These restaurants are new to Miami Spice this year. Where should we start?
Miami Spice returns for a 16th year of marathon dining with dozens of restaurants participating for the first time.
We’ve picked five new spots you should try on this dine-a-palooza.
Kiki on the River
The Miami River’s most buzzed-about new restaurant embraces Miami Spice with a dinner-only menu that highlights their unique approach to modern Greek classics. Kiki’s chef, Steve Rhee, island hops in this fixed-price menu with dishes such as the Dakos salad (made with grated tomato, torn barley bread, garlic, olive oil, feta cheese, Greek oregano) and the grilled halloumi cheese platter, with white balsamic marinated grape tomato, grilled zucchini, eggplant, onions, topped with basil, parsley, and olive oil. Another tier of “hot apps” includes grilled octopus and shrimp saganaki. Mains include pan-seared scallops and lamb T-bone served with bacon, and herbed roasted purple potato. Ending things on a sweet note won’t be hard with traditional baklava, assorted gelato or a fresh fruit platter.
Matador Room
The Miami Beach Edition’s swanky restaurant debuts on Spice with a combination of the restaurant’s most-loved dishes. They include the sweet pea guacamole, arroz con pollo, and the pizza with mushroom, three cheeses, garlic-parsely oil and a farm egg. And don’t forget the tres leches cake.
Bird & Bone
Chef Richard Hales dives right in for Bird & Bone’s first year participating in Miami Spice. With both lunch and dinner menus offered, there’s a variety of home-cooked favorites such as the Florida Cheddar & Chive Biscuits or black-eyed pea soup and Chef Hales’ Hot Chicken Sandwich or Cubano Grilled Cheese. For dessert go for the Fried Apple Hand Pies.
Bazaar Mar
The seafood fantasyland from José Andrés is usually a pricey night out so rejoice that some of the best dishes are being offered, such as his California Funnel Cake, a seaweed funnel cake with avocado, blue crab, tobiko, mayo, and cucumber. There’s also Neptune’s Pillow, a sashimi of spicy tuna, air breads, spicy rocoto mayo, sea lettuce powder.
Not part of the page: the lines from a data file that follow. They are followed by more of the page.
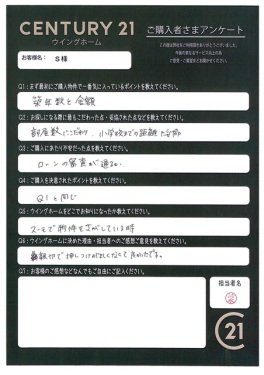 お客様写真 Vol.121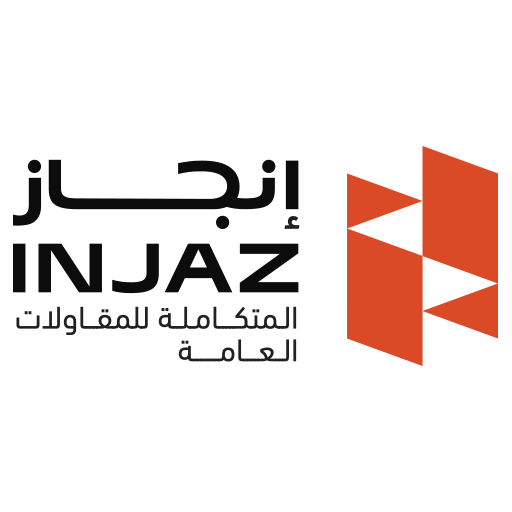 انجاز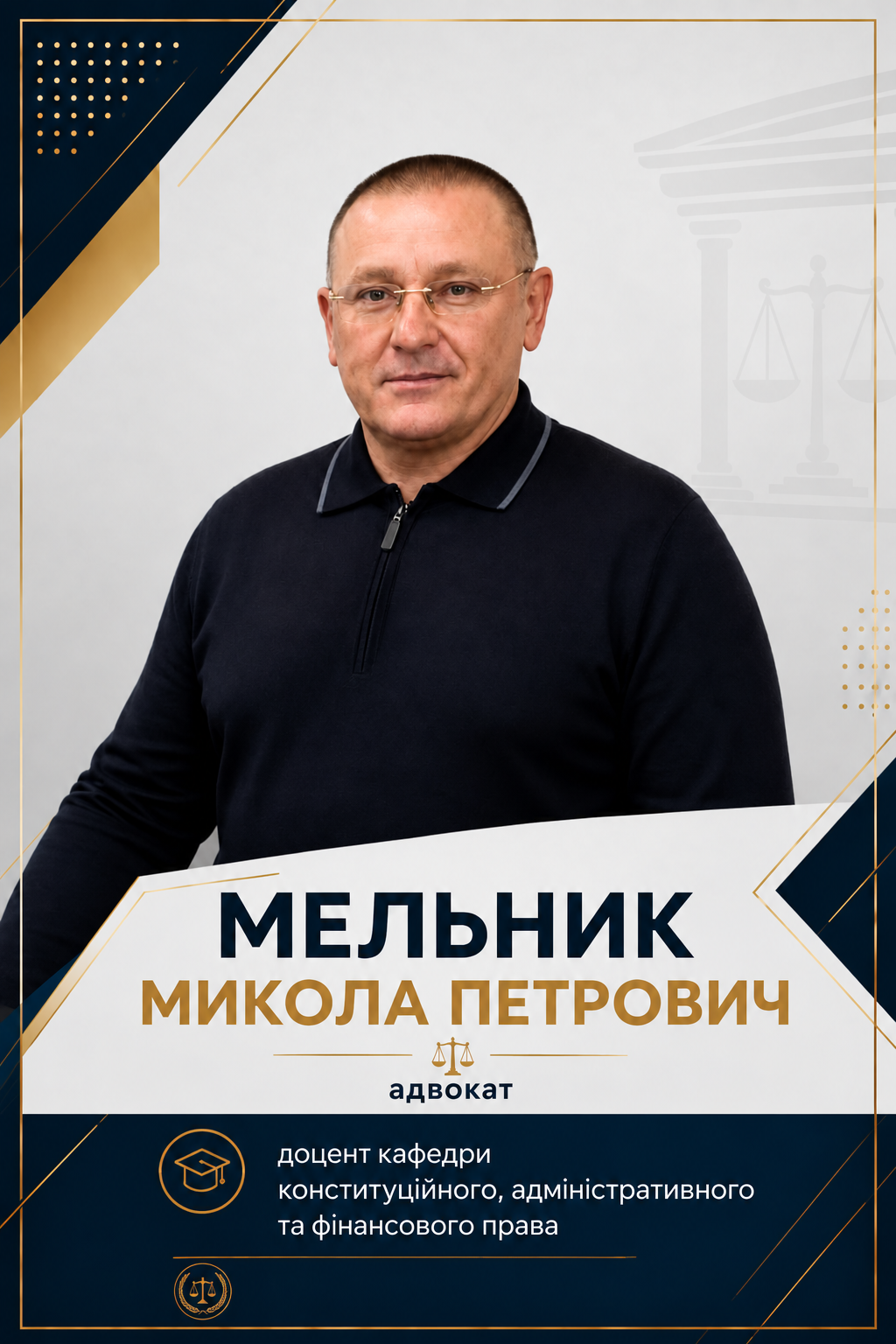 Адвокат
And for mains, there the Po Boy Jose: fried baby squid, pelayo, steamed brioche bun, alioli. Round out the options with the grilled branzino from the Cantabrian Sea in Spain.
Upland
Celebrated chef Justin Smillie and renowned restaurateur Stephen Starr introduced Upland to Miami Beach last fall and it was an immediate hit. But given the restaurant’s pricey dishes this participation in Spice is a blessed event. Start off with lemon, olive oil, yuzu kosho) or the Little Gem salad and then move on to dishes of bucatini cacio e pepe (Pecorino Romano, black pepper) or Creekstone Farms skirt steak with romesco and bunching onions.